Two years ago Vivek Kundra, then CIO of the United States, called for an Open by Default policy urging the disclosure of all U.S. government data, excepting only data that is sensitive for privacy and security reasons. This thinking is steadily gaining ground and is already the existing policy at the World Bank. More organizations are realizing the benefits of opening up data to enable communities of problem solvers, to alert the public to important issues, to foster transparency, to streamline communication within organizations, and possibly most interesting in the current economy to cut costs involved in collecting, analyzing, and providing data.
Open data creates so much opportunity because of the low transaction cost in providing it: the internet makes it cheap to host information online. Publishing data in structured formats, free of charge, and in open licenses removes any expensive approval processes for data reuse. This enables an incredibly liberal disclosure policy (exactly the one that Kundra is calling for) allowing data providers to just put out their raw goods and still justify the cost of a long tail if only a few data sets among many generate any real benefits.

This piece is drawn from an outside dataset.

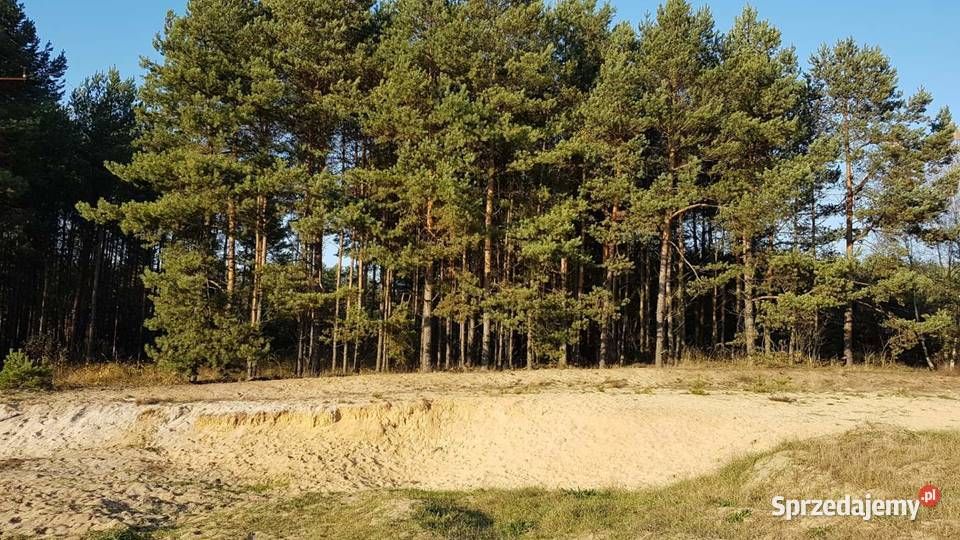 Działka rekreacyjna Drużykowa. Zdjęcie 2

But still, as anybody in the business of publishing data will testify, the remaining costs are significant. Being deeply involved in helping clients set up open data workflows, I have experienced this pain many times myself. The everyday tools we use for managing data (Microsoft Excel, Adobe Acrobat, shared hard drives, email, and the like) are simply not up to the job. They are too beholden to a world in which paper was the medium, copies were expensive, and requests were handled by humans. For data to be open, the common minimum requirement is to use a structured, non-proprietary format, cleanly referencable by URLs. Alas, usually this is not how data is managed internally. This practice of doing business in two different ways introduces a conversion and maintenance process for publishing that might not be expensive, but is significant and to a large extent simply unnecessary.
Not only should the policies for data be open by default, but our tools should open data by default. The software we use should not hamper openness and sharing data, it should facilitate it.
To open data in an efficient way we need to further reduce transaction costs by converging how we share data within an organization and with the outside world. Open by default has profound consequences for the data management processes and tools we set up in organizations. For future investments in information technology, two questions should be asked: "how can internal infrastructure facilitate being open?" and "how can external data services be better leveraged internally?"
I'm looking forward to talking about this, more specifically about open standards, and about how open source tools can facilitate openness tomorrow at the Open Source and Open Data panel at DC Week. Hope to see you there.